While a recent spate of articles has called attention to the decline in emphasis in universities on international relations and the study of important regions of the world, even those academics who have expertise in relevant areas are not well utilized by media and government. It is also possible that the range of intellectual resources that universities currently offer is actually not wide enough.  We need to figure out how to extend our understanding of radically different cultures and realities by deep immersion in other societies where we can begin to experience, not just understand, very different modes of approaching the world.

One could similarly analyze the institutional and other barriers in the media, politics and religious institutions. Recent revelations about incompatible information sharing systems in important government agencies are an instructive institutional parallel to the intellectual challenge I am highlighting. The fact is that cross-boundary communication is extremely difficult even when the will is there—we are only beginning to develop conversational methods that allow people from disparate professional languages and areas of expertise to productively benefit from one another’s insights while working on joint problems.

Of course, the Yohanan ben Zakkai story is told from the point of view of history's winners—the forms of Judaism that developed out of the conversations at Yavneh did, in the end, become the Judaism that we have inherited.  Those who fought to preserve the Temple disappeared.  But it took generations for the new forms to emerge.  Clearly, policy makers do have to respond to immediate demands and responsibilities.  They lack the luxury to convene the necessary forums that would help imagine the difficult questions of the future.

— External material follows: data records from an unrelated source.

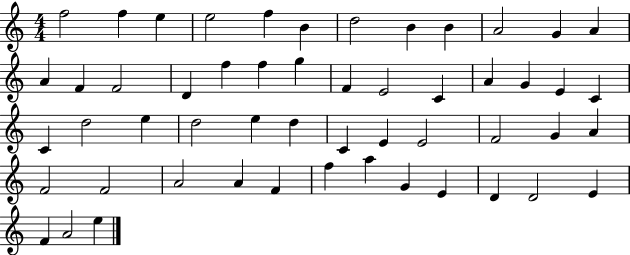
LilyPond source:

{
  \clef treble
  \numericTimeSignature
  \time 4/4
  \key c \major
  f''2 f''4 e''4 | e''2 f''4 b'4 | d''2 b'4 b'4 | a'2 g'4 a'4 | \break a'4 f'4 f'2 | d'4 f''4 f''4 g''4 | f'4 e'2 c'4 | a'4 g'4 e'4 c'4 | \break c'4 d''2 e''4 | d''2 e''4 d''4 | c'4 e'4 e'2 | f'2 g'4 a'4 | \break f'2 f'2 | a'2 a'4 f'4 | f''4 a''4 g'4 e'4 | d'4 d'2 e'4 | \break f'4 a'2 e''4 | \bar "|."
}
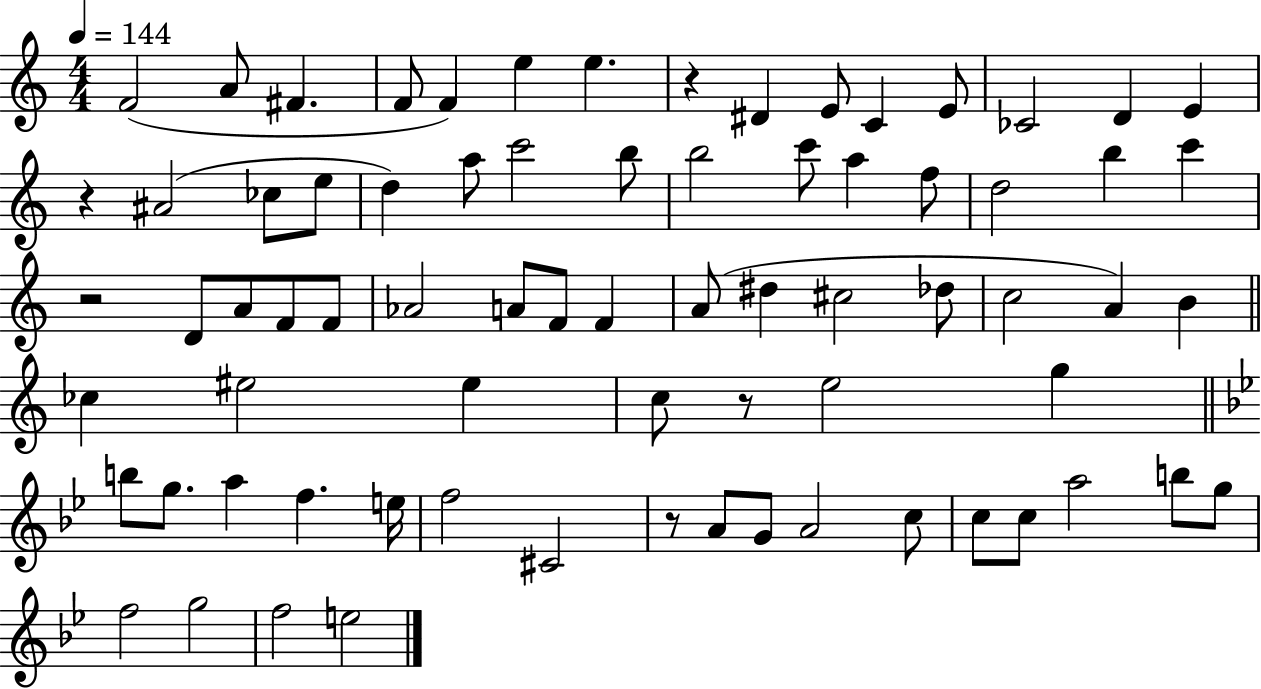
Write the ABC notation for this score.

X:1
T:Untitled
M:4/4
L:1/4
K:C
F2 A/2 ^F F/2 F e e z ^D E/2 C E/2 _C2 D E z ^A2 _c/2 e/2 d a/2 c'2 b/2 b2 c'/2 a f/2 d2 b c' z2 D/2 A/2 F/2 F/2 _A2 A/2 F/2 F A/2 ^d ^c2 _d/2 c2 A B _c ^e2 ^e c/2 z/2 e2 g b/2 g/2 a f e/4 f2 ^C2 z/2 A/2 G/2 A2 c/2 c/2 c/2 a2 b/2 g/2 f2 g2 f2 e2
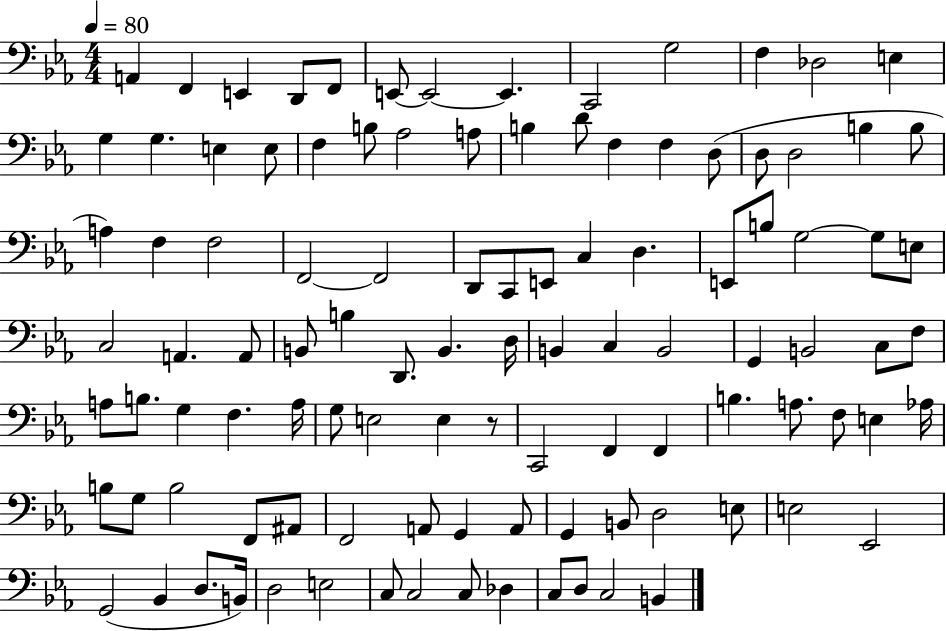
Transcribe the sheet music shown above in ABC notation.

X:1
T:Untitled
M:4/4
L:1/4
K:Eb
A,, F,, E,, D,,/2 F,,/2 E,,/2 E,,2 E,, C,,2 G,2 F, _D,2 E, G, G, E, E,/2 F, B,/2 _A,2 A,/2 B, D/2 F, F, D,/2 D,/2 D,2 B, B,/2 A, F, F,2 F,,2 F,,2 D,,/2 C,,/2 E,,/2 C, D, E,,/2 B,/2 G,2 G,/2 E,/2 C,2 A,, A,,/2 B,,/2 B, D,,/2 B,, D,/4 B,, C, B,,2 G,, B,,2 C,/2 F,/2 A,/2 B,/2 G, F, A,/4 G,/2 E,2 E, z/2 C,,2 F,, F,, B, A,/2 F,/2 E, _A,/4 B,/2 G,/2 B,2 F,,/2 ^A,,/2 F,,2 A,,/2 G,, A,,/2 G,, B,,/2 D,2 E,/2 E,2 _E,,2 G,,2 _B,, D,/2 B,,/4 D,2 E,2 C,/2 C,2 C,/2 _D, C,/2 D,/2 C,2 B,,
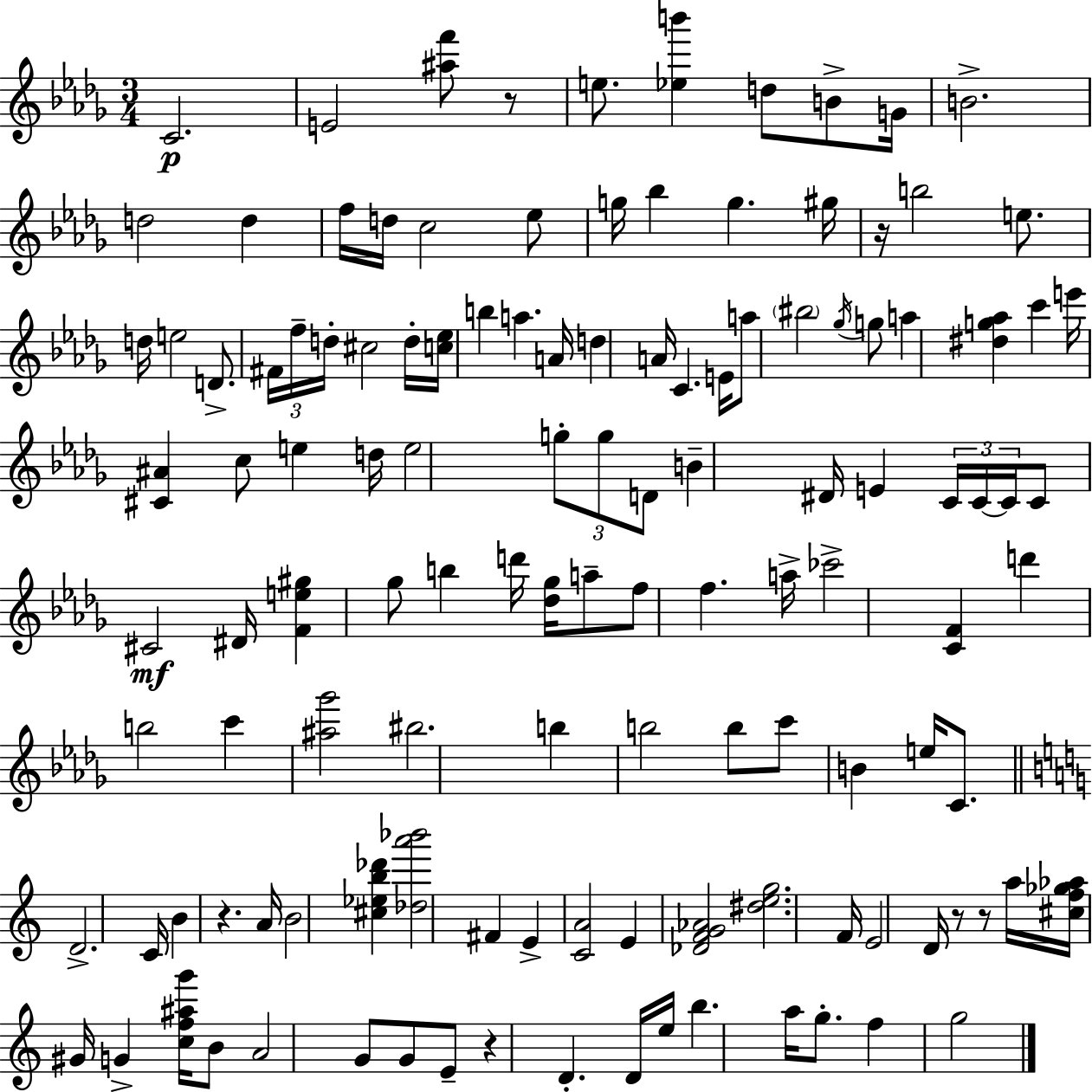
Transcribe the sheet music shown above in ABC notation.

X:1
T:Untitled
M:3/4
L:1/4
K:Bbm
C2 E2 [^af']/2 z/2 e/2 [_eb'] d/2 B/2 G/4 B2 d2 d f/4 d/4 c2 _e/2 g/4 _b g ^g/4 z/4 b2 e/2 d/4 e2 D/2 ^F/4 f/4 d/4 ^c2 d/4 [c_e]/4 b a A/4 d A/4 C E/4 a/2 ^b2 _g/4 g/2 a [^dg_a] c' e'/4 [^C^A] c/2 e d/4 e2 g/2 g/2 D/2 B ^D/4 E C/4 C/4 C/4 C/2 ^C2 ^D/4 [Fe^g] _g/2 b d'/4 [_d_g]/4 a/2 f/2 f a/4 _c'2 [CF] d' b2 c' [^a_g']2 ^b2 b b2 b/2 c'/2 B e/4 C/2 D2 C/4 B z A/4 B2 [^c_eb_d'] [_da'_b']2 ^F E [CA]2 E [_DFG_A]2 [^deg]2 F/4 E2 D/4 z/2 z/2 a/4 [^cf_g_a]/4 ^G/4 G [cf^ag']/4 B/2 A2 G/2 G/2 E/2 z D D/4 e/4 b a/4 g/2 f g2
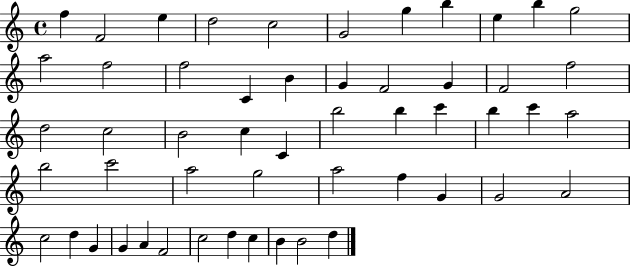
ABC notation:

X:1
T:Untitled
M:4/4
L:1/4
K:C
f F2 e d2 c2 G2 g b e b g2 a2 f2 f2 C B G F2 G F2 f2 d2 c2 B2 c C b2 b c' b c' a2 b2 c'2 a2 g2 a2 f G G2 A2 c2 d G G A F2 c2 d c B B2 d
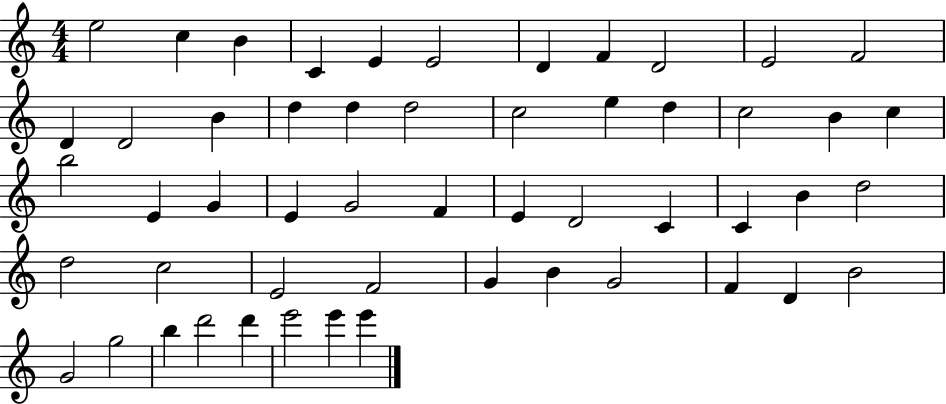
X:1
T:Untitled
M:4/4
L:1/4
K:C
e2 c B C E E2 D F D2 E2 F2 D D2 B d d d2 c2 e d c2 B c b2 E G E G2 F E D2 C C B d2 d2 c2 E2 F2 G B G2 F D B2 G2 g2 b d'2 d' e'2 e' e'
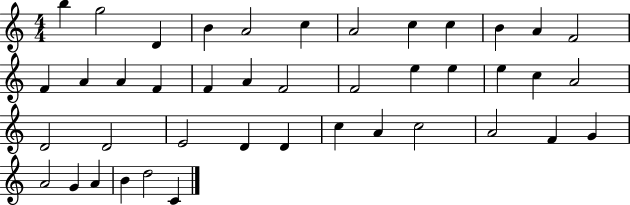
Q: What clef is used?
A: treble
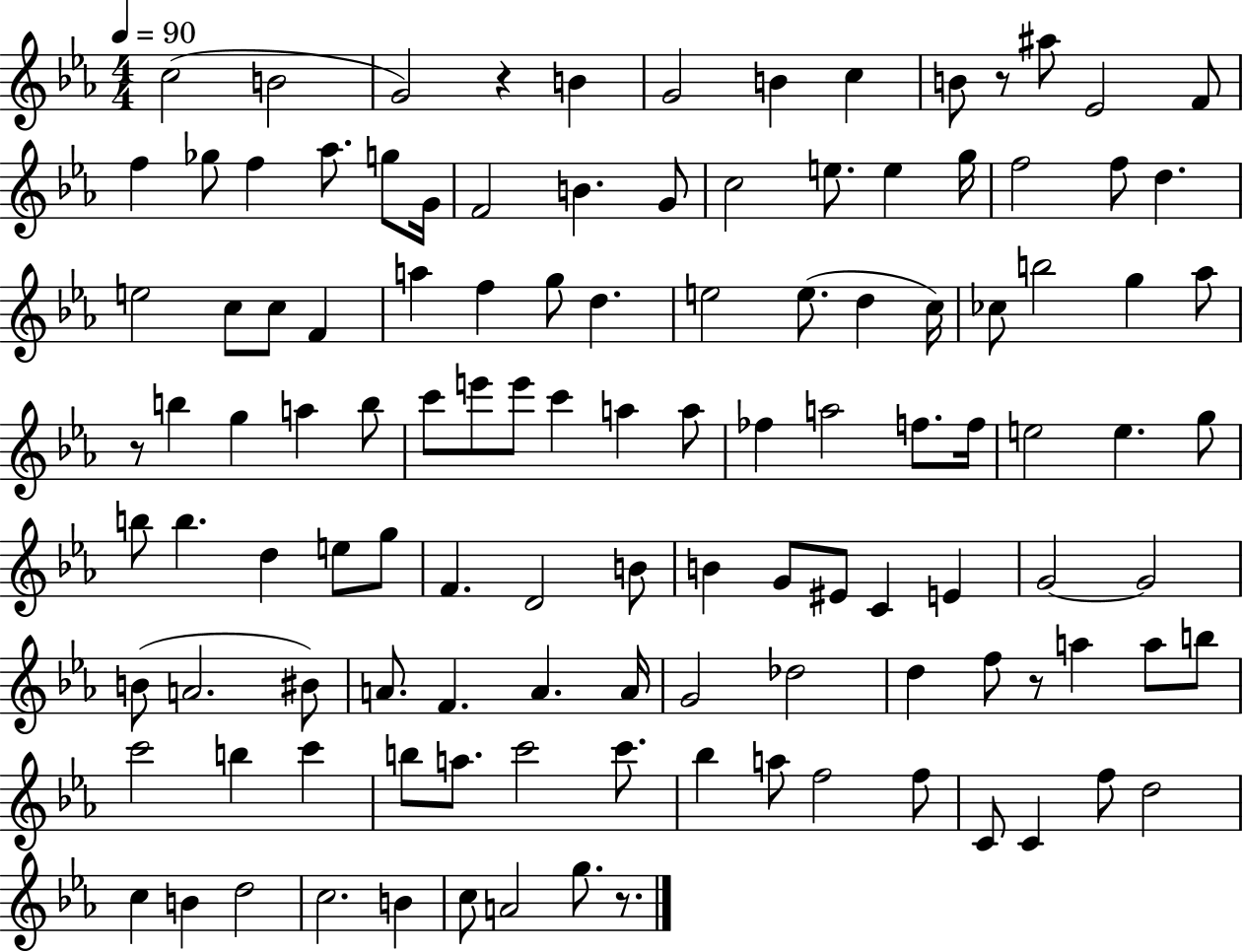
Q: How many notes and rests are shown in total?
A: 117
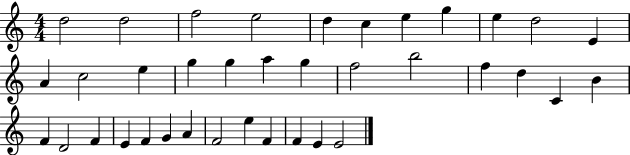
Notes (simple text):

D5/h D5/h F5/h E5/h D5/q C5/q E5/q G5/q E5/q D5/h E4/q A4/q C5/h E5/q G5/q G5/q A5/q G5/q F5/h B5/h F5/q D5/q C4/q B4/q F4/q D4/h F4/q E4/q F4/q G4/q A4/q F4/h E5/q F4/q F4/q E4/q E4/h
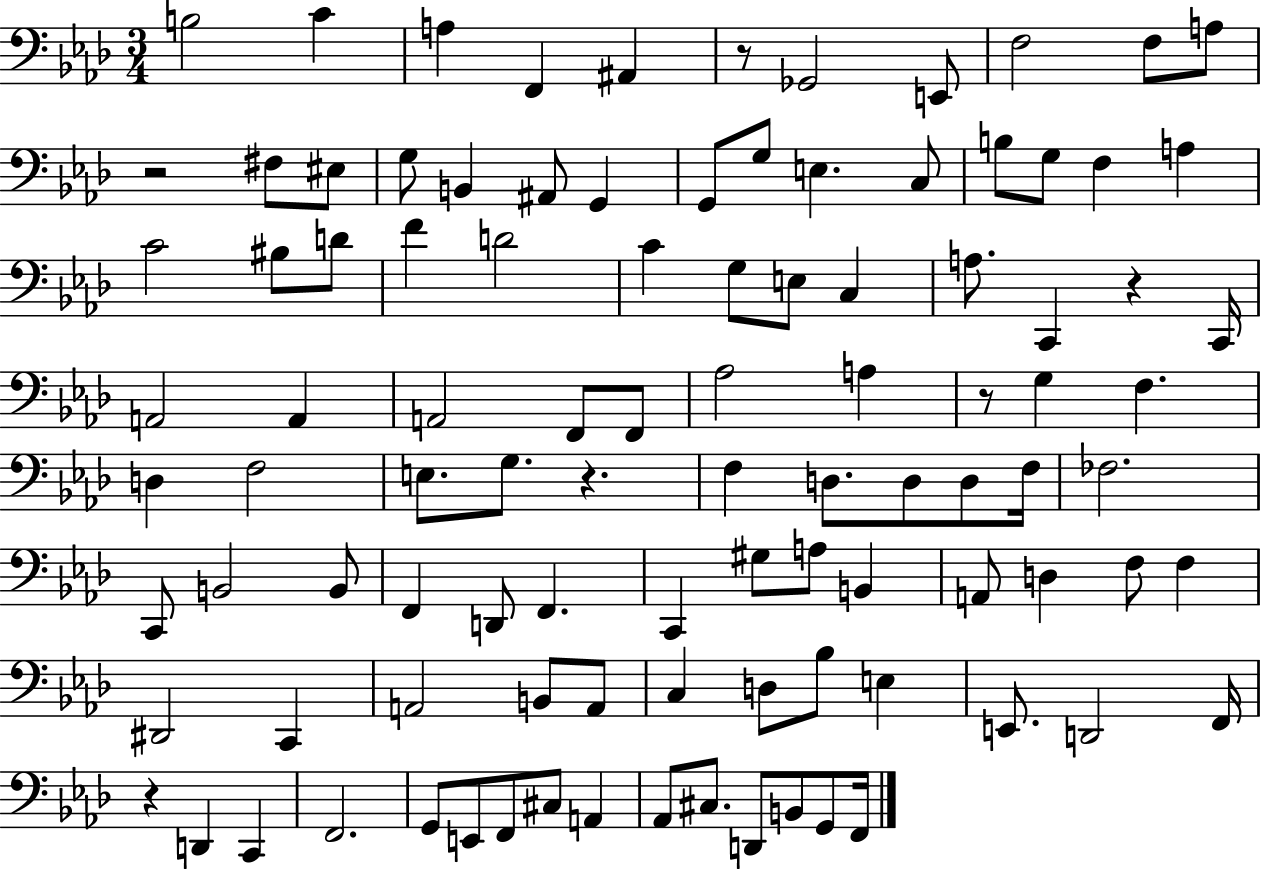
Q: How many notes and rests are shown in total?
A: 101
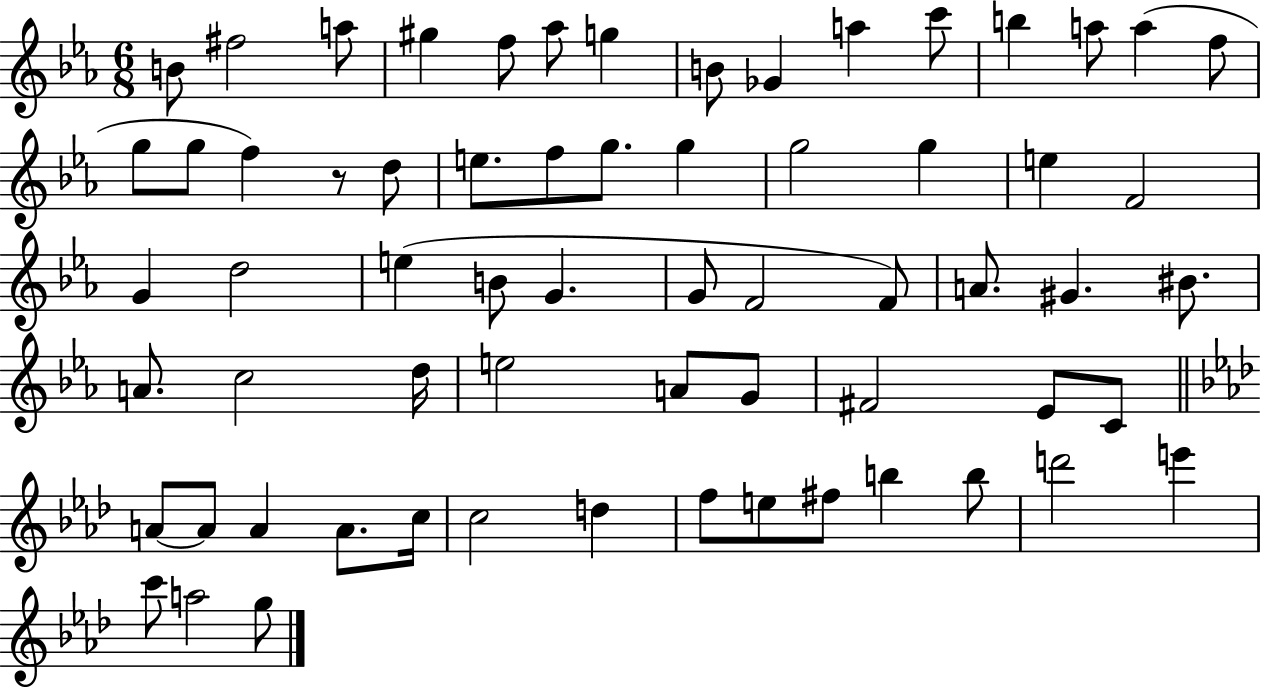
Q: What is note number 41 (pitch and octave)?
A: D5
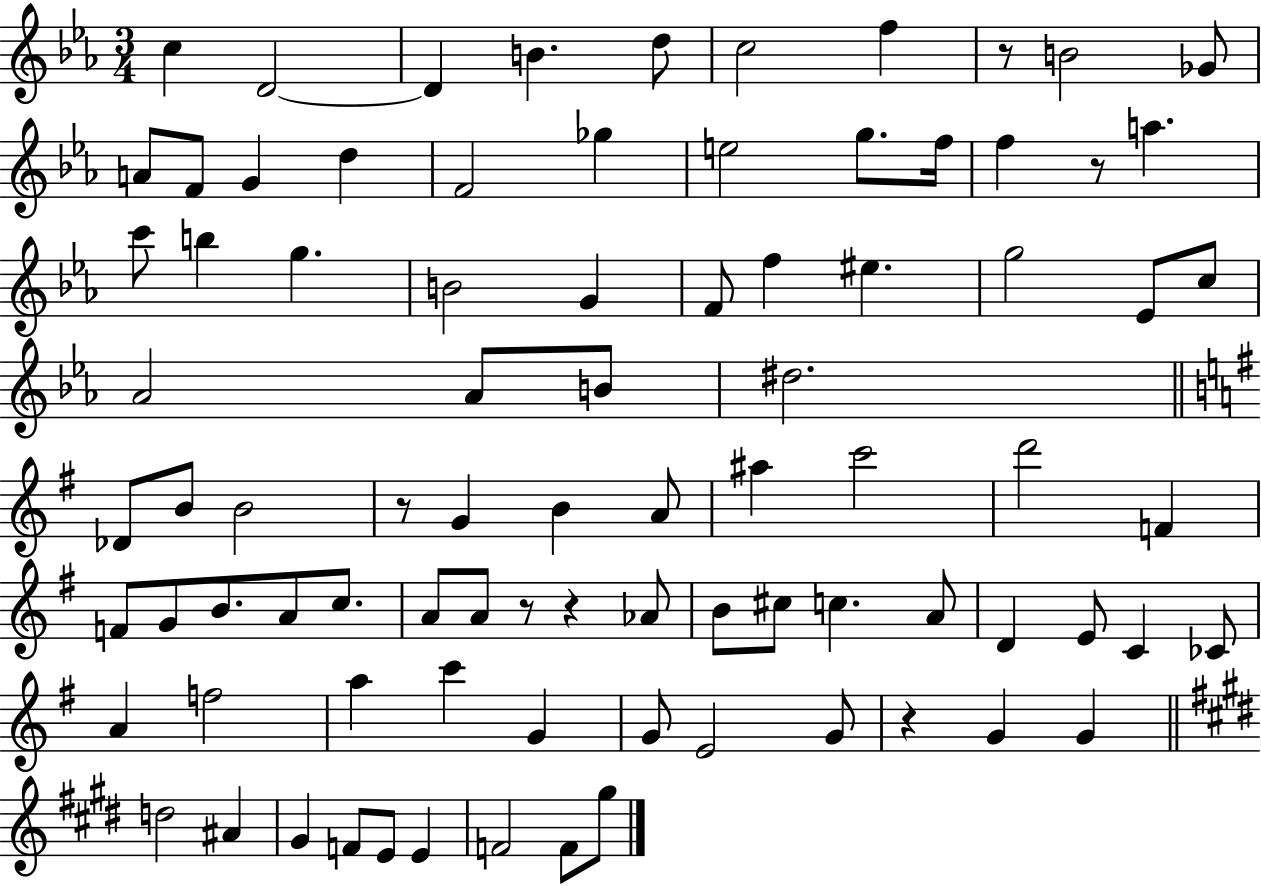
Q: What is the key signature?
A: EES major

I would argue that Americans, and by extension other advanced industrialized societies, have been facing our metaphorical equivalent of the battle for Jerusalem for several years now.  This is not as sudden or dramatic as an armed fight.  But, nevertheless, our familiar way of life has been assaulted by a changing world: the homogenization of culture and the erasure of borders caused by globalization, the worldwide reach of media, the end of colonialism and the Cold War, and the dominance of western culture.   September 11 just accentuated the challenges; it has made the battle seem to be one with life or death implications and with a particular enemy.  

We need to learn from Yohanan ben Zakkai to think carefully about putting in place the forums, the networks, the processes and the ideas that will allow us to consider broad and still unaddressed challenges such as nation-building in failed states.  We must embrace the necessary psychic uncertainty that will come from looking at approaches that might well challenge the core of how we currently approach the world.  If we do so, we will, as he did, maintain our basic values and principles in a radically altered world.